▸ Description of the task:
Could you repeat the entries below exactly, but only from the line with "Serafína a starcova" through the line with "T.X., 2010; Raximova, 2019).", and without any picture?

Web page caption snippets
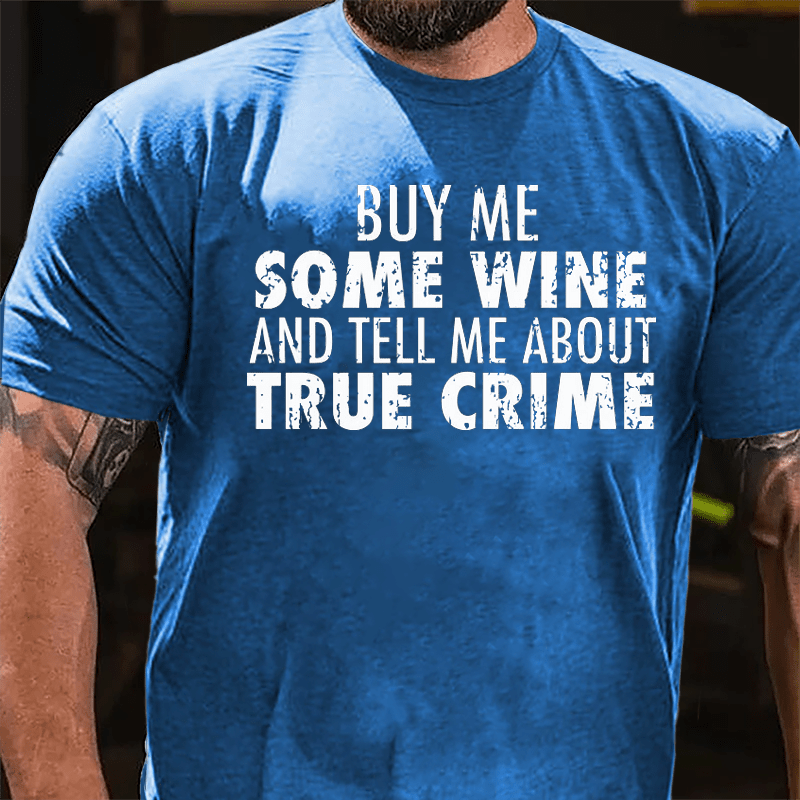 Buy Me Some Wine And Tell Me About True Crime Cotton T-shirt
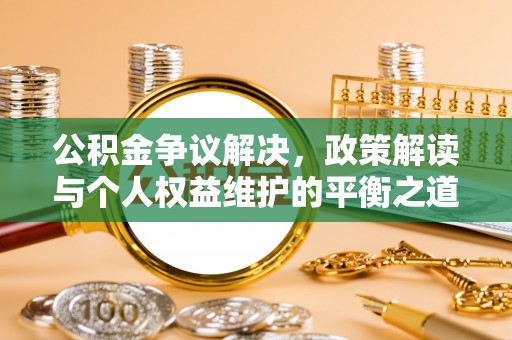 曹妃甸公积金争议解决，政策解读与个人权益维护的平衡之道
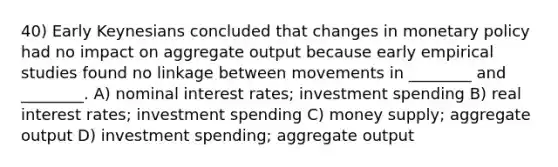 40) Early Keynesians concluded that changes in monetary policy had no impact on aggregate output because early empirical studies found no linkage between movements in ________ and ________. A) nominal interest rates; investment spending B) real interest rates; investment spending C) money supply; aggregate output D) investment spending; aggregate output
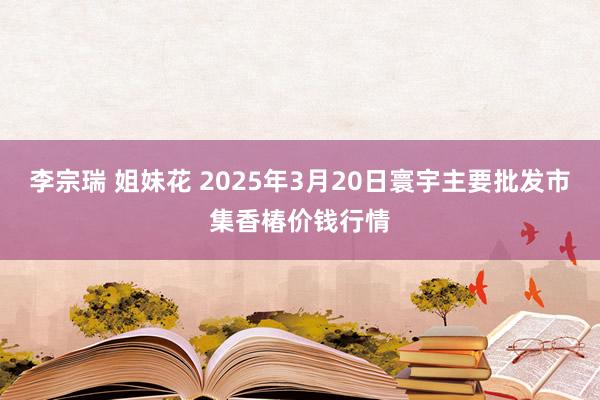 李宗瑞 姐妹花 2025年3月20日寰宇主要批发市集香椿价钱行情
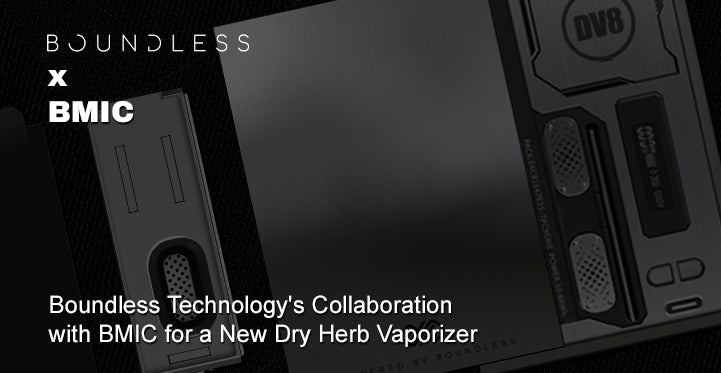 Boundless Technology Collaborates with BMIC for a New Dry Herb Vaporizer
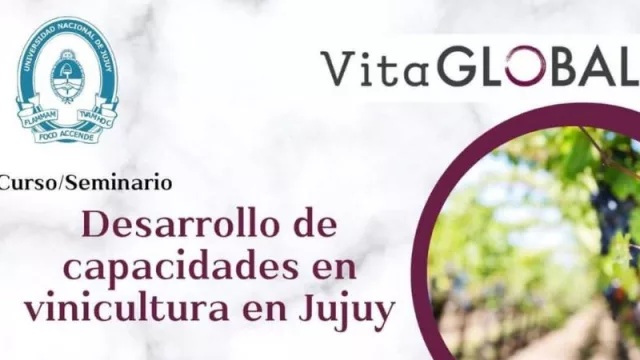 La UNJU dictará un Curso en Desarrollo de capacidades en vinicultura en Jujuy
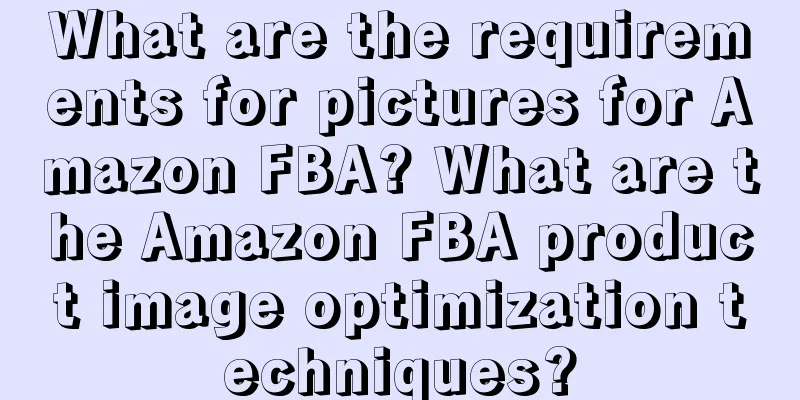 What are the requirements for pictures for Amazon FBA? What are the Amazon FBA product image optimization techniques?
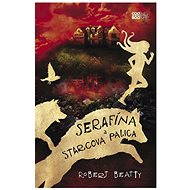 Serafína a starcova palica (SK) - Robert Beatty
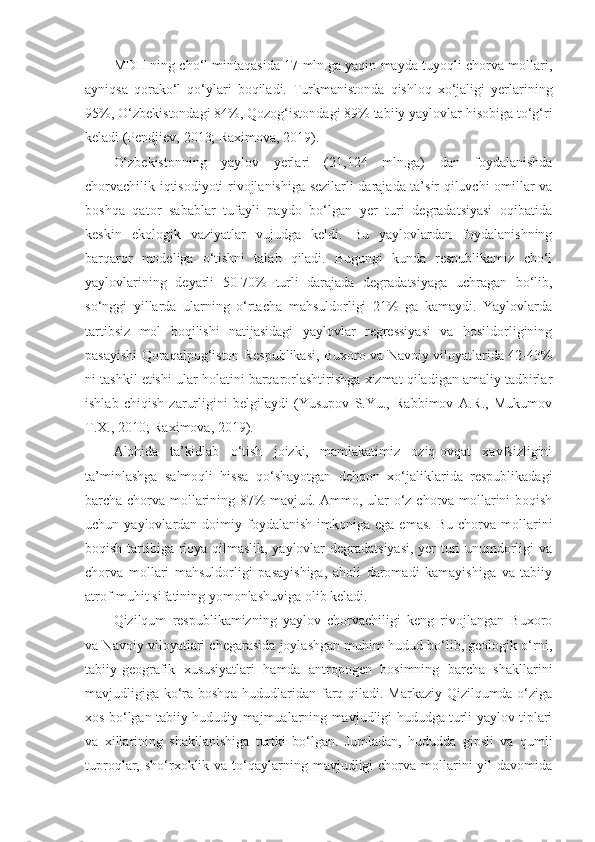 MDH ning cho‘l mintaqasida 17 mln.ga yaqin mayda tuyoqli chorva mollari,
ayniqsa   qorako‘l   qo‘ylari   boqiladi.   Turkmanistonda   qishloq   xo‘jaligi   yerlarining
95%, O‘zbekistondagi 84%, Qozog‘istondagi 89% tabiiy yaylovlar hisobiga to‘g‘ri
keladi (Pendjiev, 2013; Raximova, 2019).
O‘zbekistonning   yaylov   yerlari   (21,124   mln.ga)   dan   foydalanishda
chorvachilik iqtisodiyoti rivojlanishiga sezilarli darajada ta’sir qiluvchi omillar va
boshqa   qator   sabablar   tufayli   paydo   bo‘lgan   yer   turi   degradatsiyasi   oqibatida
keskin   ekologik   vaziyatlar   vujudga   keldi.   Bu   yaylovlardan   foydalanishning
barqaror   modeliga   o‘tishni   talab   qiladi.   Bugungi   kunda   respublikamiz   cho‘l
yaylovlarining   deyarli   50-70%   turli   darajada   degradatsiyaga   uchragan   bo‘lib,
so‘nggi   yillarda   ularning   o‘rtacha   mahsuldorligi   21%   ga   kamaydi.   Yaylovlarda
tartibsiz   mol   boqilishi   natijasidagi   yaylovlar   regressiyasi   va   hosildorligining
pasayishi Qoraqalpog‘iston Respublikasi, Buxoro va Navoiy viloyatlarida 42-43%
ni tashkil etishi ular holatini barqarorlashtirishga xizmat qiladigan amaliy tadbirlar
ishlab   chiqish   zarurligini   belgilaydi   (Yusupov   S.Yu.,   Rabbimov   A.R.,   Mukumov
T.X., 2010; Raximova, 2019).
Alohida   ta’kidlab   o‘tish   joizki,   mamlakatimiz   oziq-ovqat   xavfsizligini
ta’minlashga   salmoqli   hissa   qo‘shayotgan   dehqon   xo‘jaliklarida   respublikadagi
barcha chorva mollarining 87% mavjud. Ammo, ular o‘z chorva mollarini boqish
uchun  yaylovlardan  doimiy  foydalanish   imkoniga  ega  emas.   Bu  chorva  mollarini
boqish tartibiga rioya qilmaslik, yaylovlar degradatsiyasi, yer turi unumdorligi va
chorva   mollari   mahsuldorligi   pasayishiga,   aholi   daromadi   kamayishiga   va   tabiiy
atrof-muhit sifatining yomonlashuviga olib keladi.
Qizilqum   respublikamizning   yaylov   chorvachiligi   keng   rivojlangan   Buxoro
va Navoiy viloyatlari chegarasida joylashgan muhim hudud bo‘lib, geologik o‘rni,
tabiiy-geografik   xususiyatlari   hamda   antropogen   bosimning   barcha   shakllarini
mavjudligiga ko‘ra boshqa hududlaridan farq qiladi. Markaziy Qizilqumda o‘ziga
xos bo‘lgan tabiiy-hududiy majmualarning mavjudligi hududga turli yaylov tiplari
va   xillarining   shakllanishiga   turtki   bo‘lgan.   Jumladan,   hududda   gipsli   va   qumli
tuproqlar, sho‘rxoklik va  to‘qaylarning  mavjudligi  chorva  mollarini  yil   davomida 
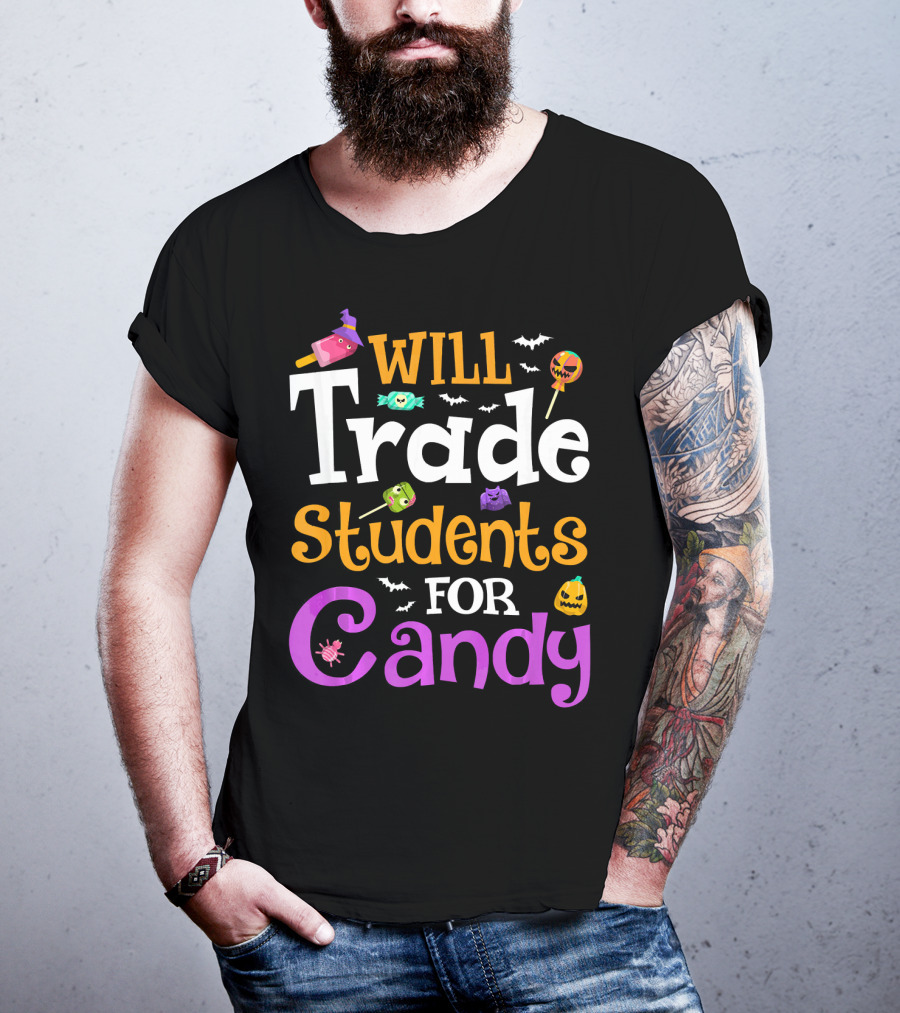 Will Trade Students For Candy Halloween Teacher Shirt With Cute Sweets And Bats T-Shirt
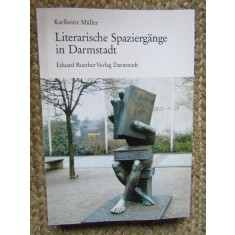 Literarische Spazierg&auml;nge in Darmstadt - Karlheinz M&uuml;ller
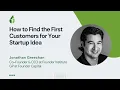 How to find the first customers for your startup idea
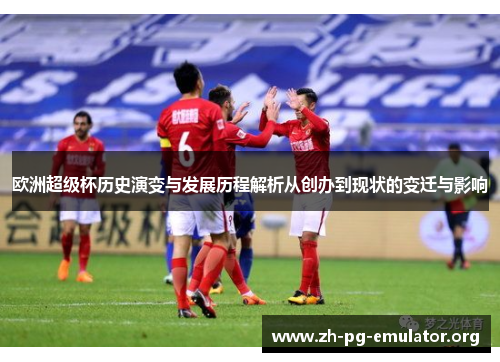 欧洲超级杯历史演变与发展历程解析从创办到现状的变迁与影响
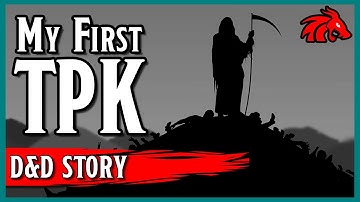 D&D Story: My First TPK - When Players Don
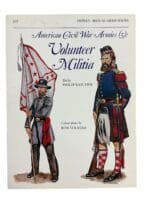 US American Civil War Volunteer Militia Osprey 207 SC Reference Book US American Civil War Volunteer Militia Osprey 207 SC Reference Book
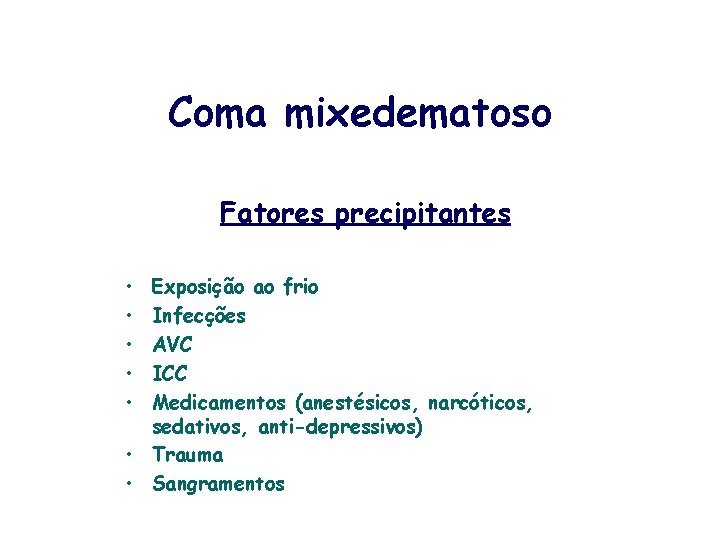 Coma mixedematoso Fatores precipitantes • • • Exposição ao frio Infecções AVC ICC Medicamentos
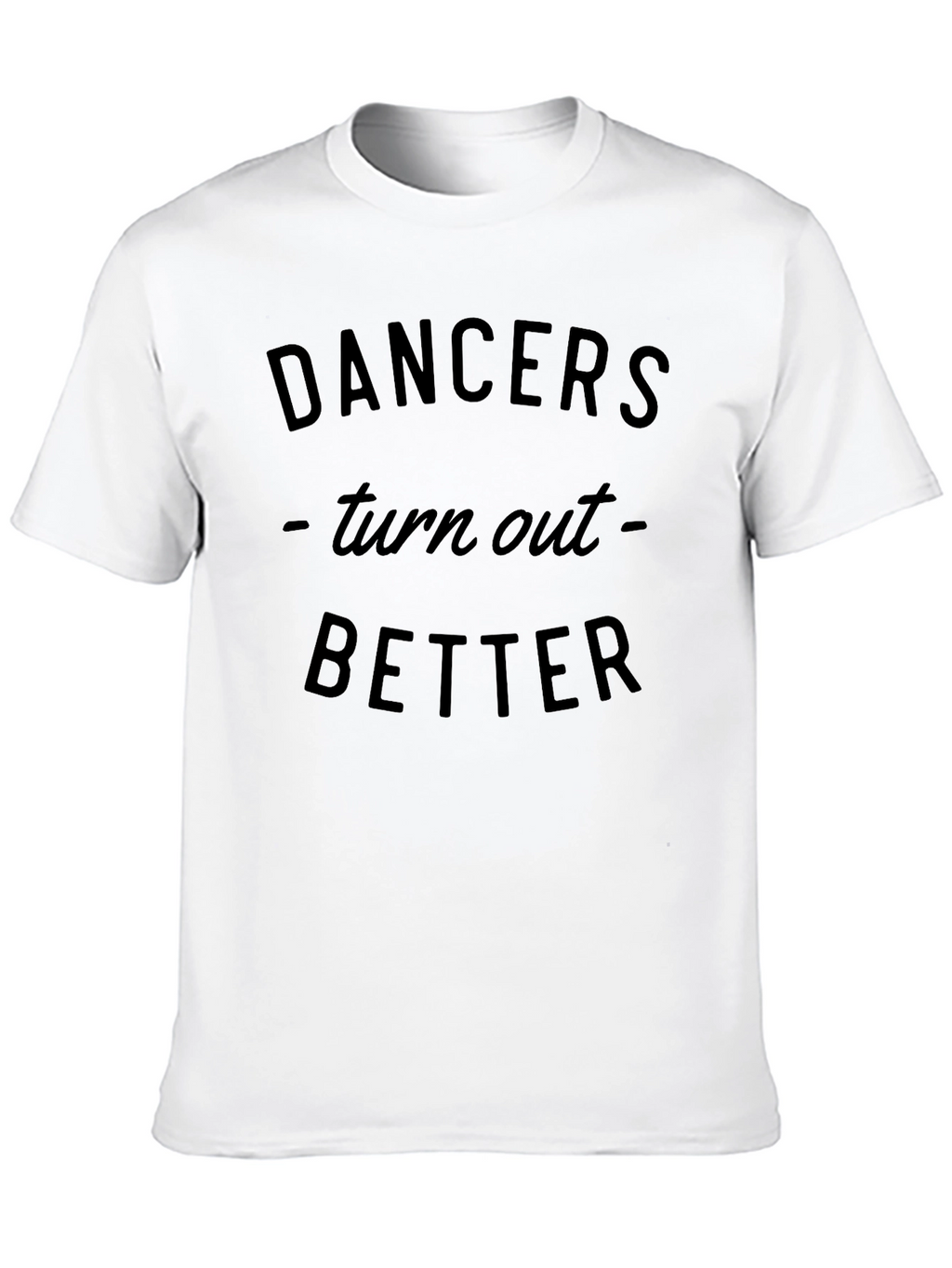 Dancers Turn Out Better Black Graphic Tee
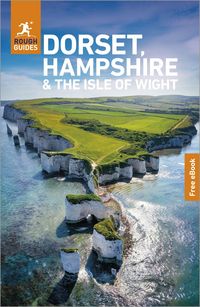 Produktbild: Rough Guides Dorset, Hampshire and the Isle of Wight: Travel Guide with eBook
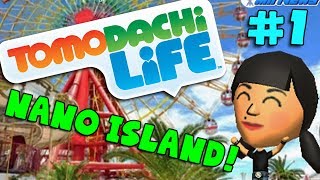 TOMODACHI LIFE! Nano's Island (#1)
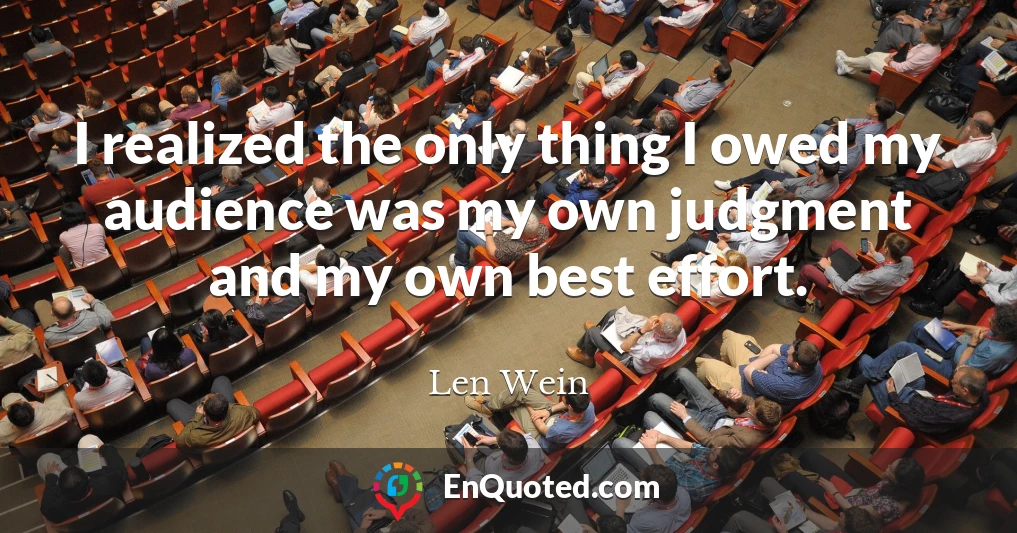 I realized the only thing I owed my audience was my own judgment and my own best effort.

▸ Solution for this problem:
 Serafína a starcova palica (SK) - Robert Beatty
 MDH ning cho‘l mintaqasida 17 mln.ga yaqin mayda tuyoqli chorva mollari,
ayniqsa   qorako‘l   qo‘ylari   boqiladi.   Turkmanistonda   qishloq   xo‘jaligi   yerlarining
95%, O‘zbekistondagi 84%, Qozog‘istondagi 89% tabiiy yaylovlar hisobiga to‘g‘ri
keladi (Pendjiev, 2013; Raximova, 2019).
O‘zbekistonning   yaylov   yerlari   (21,124   mln.ga)   dan   foydalanishda
chorvachilik iqtisodiyoti rivojlanishiga sezilarli darajada ta’sir qiluvchi omillar va
boshqa   qator   sabablar   tufayli   paydo   bo‘lgan   yer   turi   degradatsiyasi   oqibatida
keskin   ekologik   vaziyatlar   vujudga   keldi.   Bu   yaylovlardan   foydalanishning
barqaror   modeliga   o‘tishni   talab   qiladi.   Bugungi   kunda   respublikamiz   cho‘l
yaylovlarining   deyarli   50-70%   turli   darajada   degradatsiyaga   uchragan   bo‘lib,
so‘nggi   yillarda   ularning   o‘rtacha   mahsuldorligi   21%   ga   kamaydi.   Yaylovlarda
tartibsiz   mol   boqilishi   natijasidagi   yaylovlar   regressiyasi   va   hosildorligining
pasayishi Qoraqalpog‘iston Respublikasi, Buxoro va Navoiy viloyatlarida 42-43%
ni tashkil etishi ular holatini barqarorlashtirishga xizmat qiladigan amaliy tadbirlar
ishlab   chiqish   zarurligini   belgilaydi   (Yusupov   S.Yu.,   Rabbimov   A.R.,   Mukumov
T.X., 2010; Raximova, 2019).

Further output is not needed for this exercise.